There’s a lot of good things happening in intensive care. I need to stress that too. There’s a lot of good things happening, but I’ve seen the good, the bad, and the ugly. And unfortunately, we’re not focusing on the good things here because good things happen in intensive care, people move on, get on with their lives. Unfortunately, the world that we live in here is you come to us at intensivecarehotline.com because you have a massive challenge that you need a resolution for. And you know that the intensive care team is not telling you the truth, you know that you need to seek outside help. And that’s the purpose of this show to help you, deal with all of those challenges.

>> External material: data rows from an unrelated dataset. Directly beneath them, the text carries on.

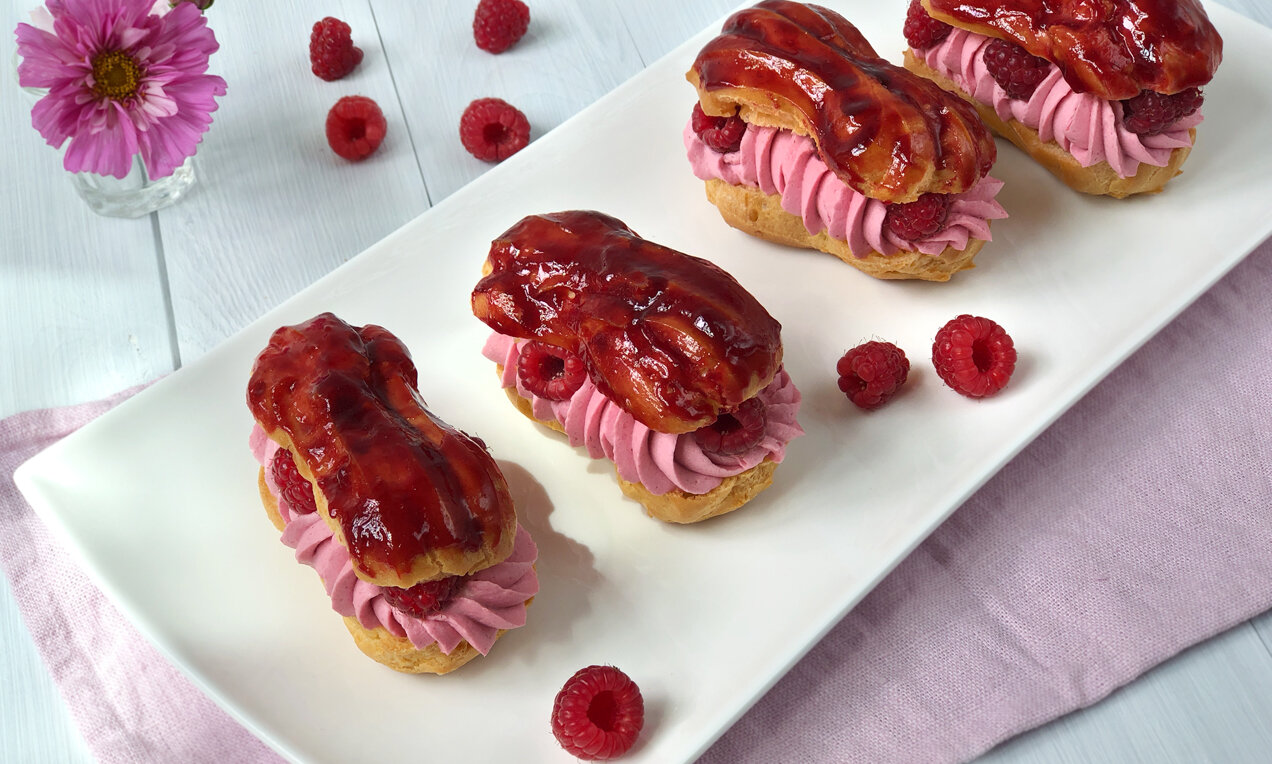 Málnás Ekler fánk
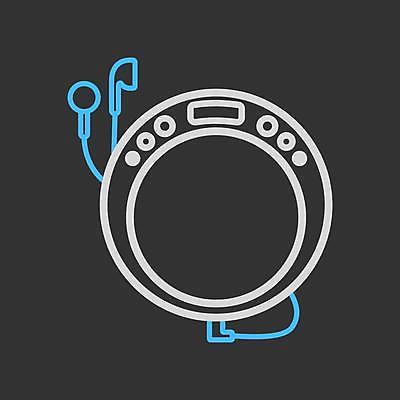 EPS 해외이미지 음악 이어폰 일러스트 사람없음 CD 휴대용 시디플레이어 해외일러스트 음향기기 문화예술 전자제품 오브젝트 파일형식 벡터 이미지허브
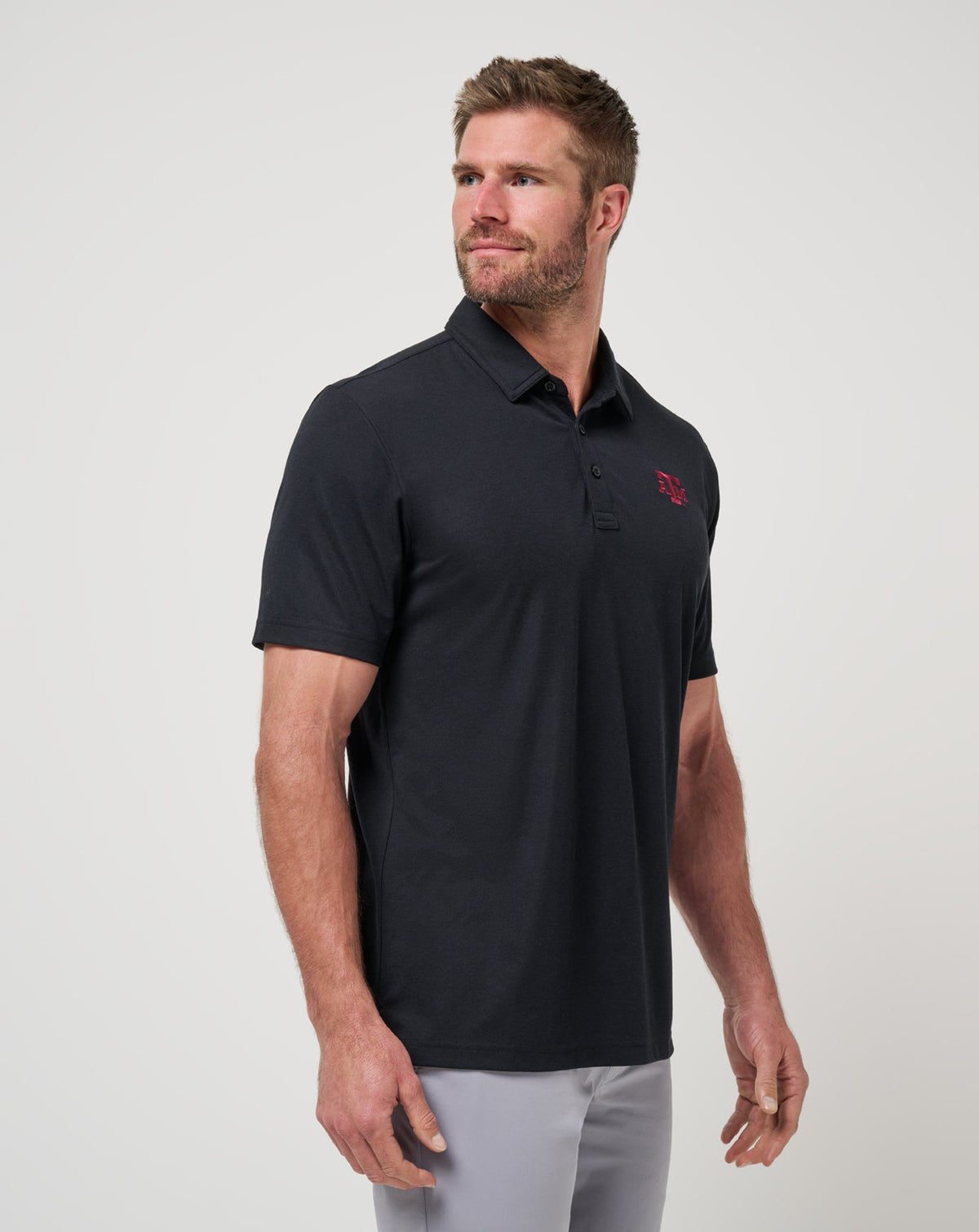 TravisMathew | Texas A&M School Pride Polo - Black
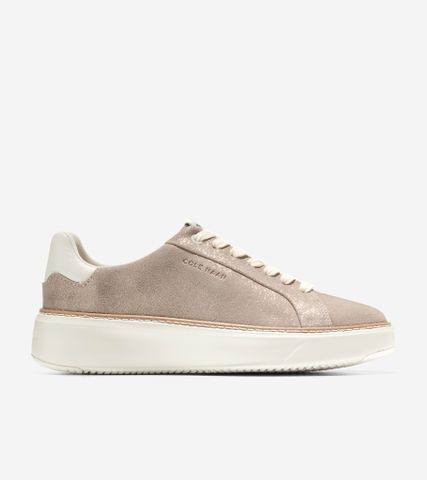 GRANDPRØ TOPSPIN SNEAKER - KHAKI / 5 / WIDE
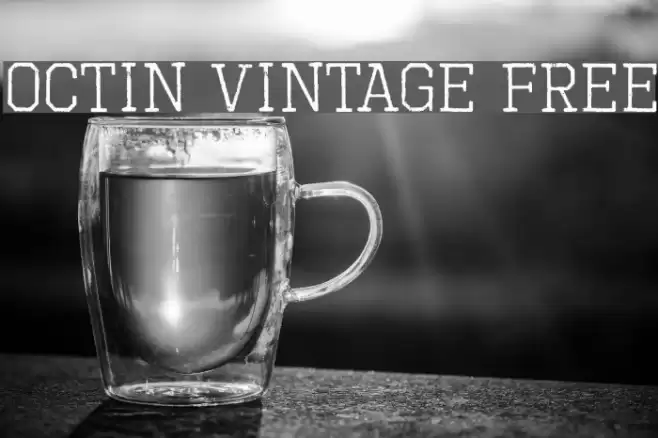 Octin Vintage Free Caratteri examples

Next, number seven, they’re not telling you about specialists in intensive care or specialists that they need to get into intensive care. Case in point, last week, we were working with a client who had their loved one in a “perceived end-of-life situation”. Again, the intensive care team was pushing for end of life. They were pushing to stop life support and we put a stop to that just simply by advocating for the family, advocating on a policy and on a legal level. And that was successful. The intensive care team stopped withdrawing treatment and the client’s family member was in atrial fibrillation. And that had never been looked at since the client’s father had been in intensive care, because all the intensive care team wanted to do, wanted to withdraw treatment and provide “comfort care”, which is a euphemism for euthanasia or potentially even for murder. Because what’s happened in retrospect, after we made sure that their loved one gets full care and treatment, then the atrial fibrillation was treated by a cardiologist. You need to get the specialists involved depending on your loved one’s condition.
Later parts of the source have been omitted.